Louis Dega is arguably the most colorful role in the film and one Malek believes audiences around the world will be able to relate to. “Louis is a character I think almost everyone will identify with because he’s someone who’s found himself in a surprising place he knows nothing about,” he explains. “He’s been thrown into one of the most deplorable and miserable circumstances on earth, and has to fight his way through to survive.”
Sharing the screen with Hunnam was a life-changing experience, says Malek. The two actors hit it off from their very first meeting, talking long into the night about ways to challenge themselves by telling the story in a fresh way.
“Our characters’ relationship is extremely significant to the story,” says Malek. “If that chemistry doesn’t work, the film won’t come off the way it needs to. So we spent quite a lot of time together to build that bond. Eventually, we learned how to push each other’s buttons and how to force a laugh out of one another. We drove ourselves very hard and became close friends in the process. Charlie’s someone I’ll know for the rest of my life.”
Although many things impressed Malek about his co-star, he singles out Hunnam’s intense psychological preparation as perhaps most impressive of all. “Charlie is an incredibly thoughtful actor who doesn’t make any decisions without digging as deeply as he can into the character’s mind,” he says. “He works in such great detail to reveal all aspects of the man he’s portraying. In Papillon, he allows the audience to see exactly how someone can snap. Not only how they can physically break, but how their mind can deteriorate as well. That’s what he worked to display, day in and day out.”
The Will to Endure
Although Charrière’s tale is widely regarded as one of the most exciting prison stories of all time, director Noer believes the new adaptation of Papillon transcends its genre.

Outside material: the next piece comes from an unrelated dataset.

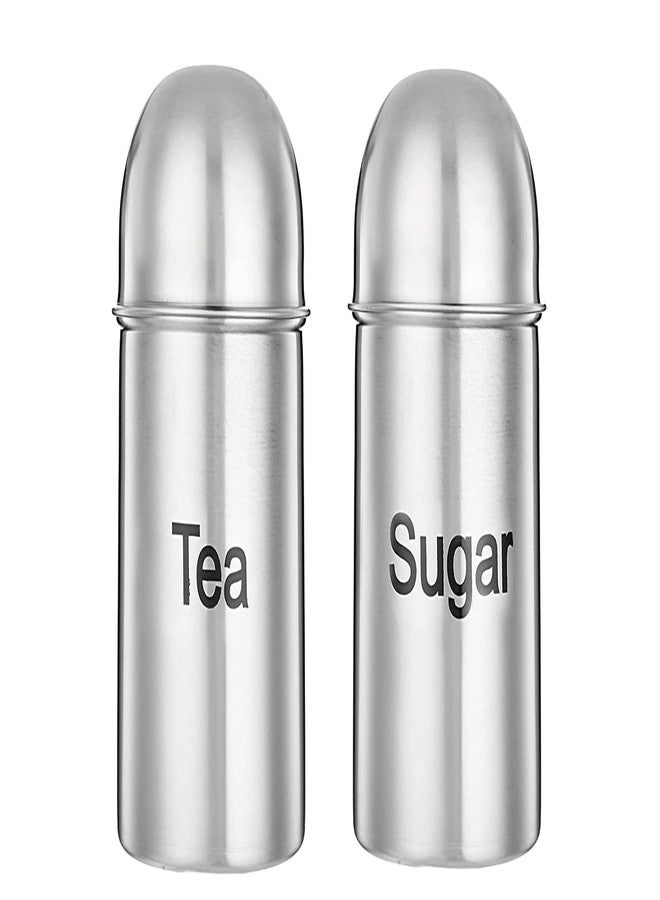 KD ZONE Stainless Steel Sober Design Jar | Container | Canister set for Tea, Coffee & Sugar | Tea Coffee Sugar Containers | Multicolour | 800ml each (Sliver Set of 2) - Image 1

“This film is about much more than trying to escape Devil’s Island,” he says. “It’s about trying to escape yourself and your past. For me, that’s the true appeal of Papillon.” Malek agrees. “Essentially, it’s a story about understanding one’s true self. These two unlikely friends become so reliant on each other that a genuine love evolves between them. And that love allows them to understand not only the other person, but themselves as well.”
The film’s emotional journey of self-discovery is one that Hewson expects moviegoers around the world will strongly connect with.
“In a way, it’s a coming-of-age story,” she says. “Papillon starts as this young, ambitious, egotistical man, and he ends up a completely different person. Audiences will always relate to a story where a character goes on an adventure that changes them forever.”
For Hunnam, Papillon contains all the elements necessary for a gritty prison thriller set in one of the world’s deadliest places, but it also includes something else: humanity. “There’s plenty of visceral action and compelling drama, but it’s mainly a story of friendship,” he explains. “It’s about people being kind to each other in a very difficult and violent place, and it’s a testament to man’s will to endure.”